普通に出して殴っているだけで毎ターン小物の処理と2マナ分の加速を行うことができるため放置ができず、即除去されても《隕石》は残るため、次の出し直しのための布石を残せるところが強みです。
「放置ができない」のレベルも「出されてターンを返したら負けるから除去しないといけない」という面々よりも一段階劣るため、卓の面々次第では普通に通されることもある絶妙なバランス感覚です(なお、統率者戦においては決定力が無いことをこのようなポジティブな言い換えで表現することが往々にしてあります)。
とある場所で「hybrid of Inferno Titan and Primeval Titan」という意見があって笑ってしまったのですが、まぁCIPと攻撃時にダメージを与えて2マナ増えるのでやってることは近いかもしれないですね。

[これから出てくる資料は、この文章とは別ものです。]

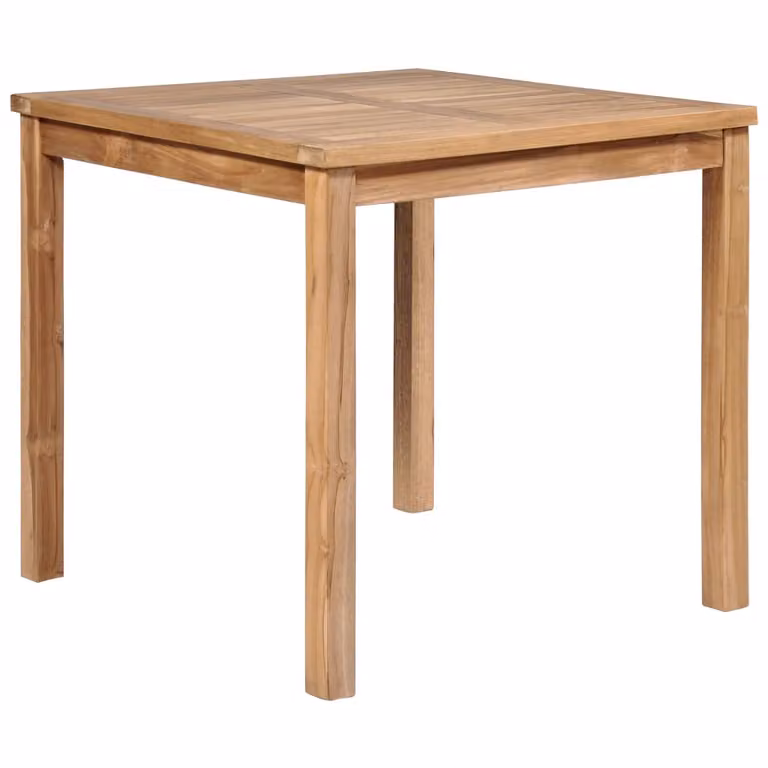 Maison Exclusive - Tavolo da giardino 80x80x77 cm in legno massello di teak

デッキを組むきっかけはビジュアルのかわいさと《隕石》を出すという能力のパッと見の面白さだけだったので、今回も一発芸のようなデッキになると予想していました。ですが、いざ組んでみると意外や意外。様々な部分にシナジーを見つけられる深みがあり、一筋縄ではいかないジェネラルでした。
軽くアイデアを並べてみましょう。
誘発型能力やトークンを倍増させたりダメージを増加させるカードと相性が良い
宝物、パワーストーンなどのマナを出すアーティファクトトークン全般と相性が良い
アーティファクトを並べやすい
宝物から2マナ出ることで《波止場の恐喝者》関連のコンボが使いやすい
《食物連鎖》でそのまま勝てる
大量のマナが出るためXマナのカードを上手く使える
こうして並べてみるとデッキ全体で一方向を向くような構築は難しそうですが、相性の良いカード自体は中々多そうです。
ロクサーヌ自身と相性の良いカードについて
世界が滅びるまであの手この手で何度でも隕石を降らせましょう。
ロクサーヌの誘発チャンスをなるべく増やすことによって、マナ加速しながら盤面処理を行うことができます。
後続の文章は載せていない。